I am sad to say that I cannot work with my bird any longer. This is a terrifying thing to admit to fellow bird lovers but I am no longer happy and neither is my bird, Lucy. She sits in her cage and I don't know how to entertain her anymore. She has every bird toy you can imagine, but she's never really played. And I can't stand to watch her be miserable and inactive. I think it is time to find her a new home, where she can be happier.

What is the best way to do this? I live in San Diego, CA.


----------



## SoCalTiels (Oct 8, 2013)

Is it that she has become aggressive? What do you mean by not being able to entertain her? Some cockatiels just don't interact much with toys or the environment around them but it doesn't always mean they're unhappy. I'm so sorry you've come to this decision and I know it's not something you're doing lightly. Is there any chance that possible solutions could still be found?


----------



## eflock (Sep 13, 2009)

She's far from aggressive.

She just sits in 1 of her 3 usual places all day and only goes to get food or drink when she wants. Sometimes she'll chew on her lava chew. Sometimes (rarely) she'll play with one of her dangly plastic chain toys. Sometimes she'll climb around the bottom of the cage.

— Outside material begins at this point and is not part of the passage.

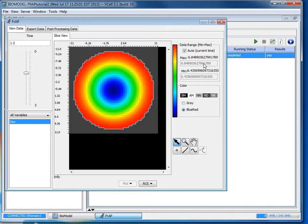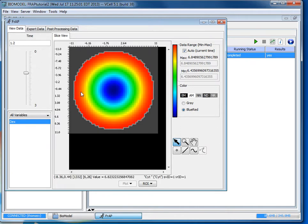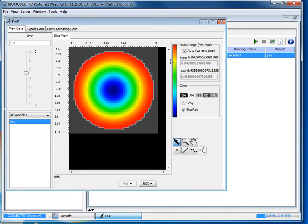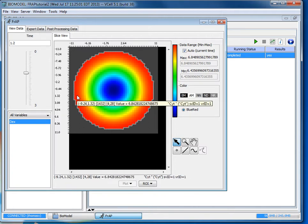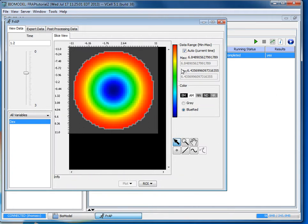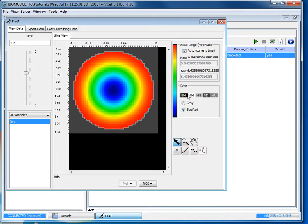While you're looking at the simulation results it's important to notice what the maximum and minimum values are because sometimes they might not start differing until the millionths or a very negligible amount of difference. But V cell will still display it as this color scheme so it might look like it changed a lot but it hasn't. So it's always important to check the maximum and minimum values here to ensure just how much it is changing.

But that's literally it.

And she'll shriek if I leave the room and don't cover one side of her cage. But then if I do that, she'll just go to a corner and sleep (even if it's daytime).

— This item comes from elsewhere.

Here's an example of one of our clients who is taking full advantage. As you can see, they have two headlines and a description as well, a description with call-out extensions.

And I tried to offer a bath today but she was uninterested. I tried to create a little play gym with pillows and toys on the coffee table but she wouldn't stay. She only flew back to her cage, as if scared and uncomfortable. I tried to give her access to me on the couch and again, she left. And now as I type this, she's just sitting in 1 of her 3 usual spots, falling asleep.

I feel like a monster. I don't know how to make my baby happy. And I don't know how much of her behavior can be attributed to the way I've raised her. Although she really never has played much. She does like to explore, but she's not interested anymore.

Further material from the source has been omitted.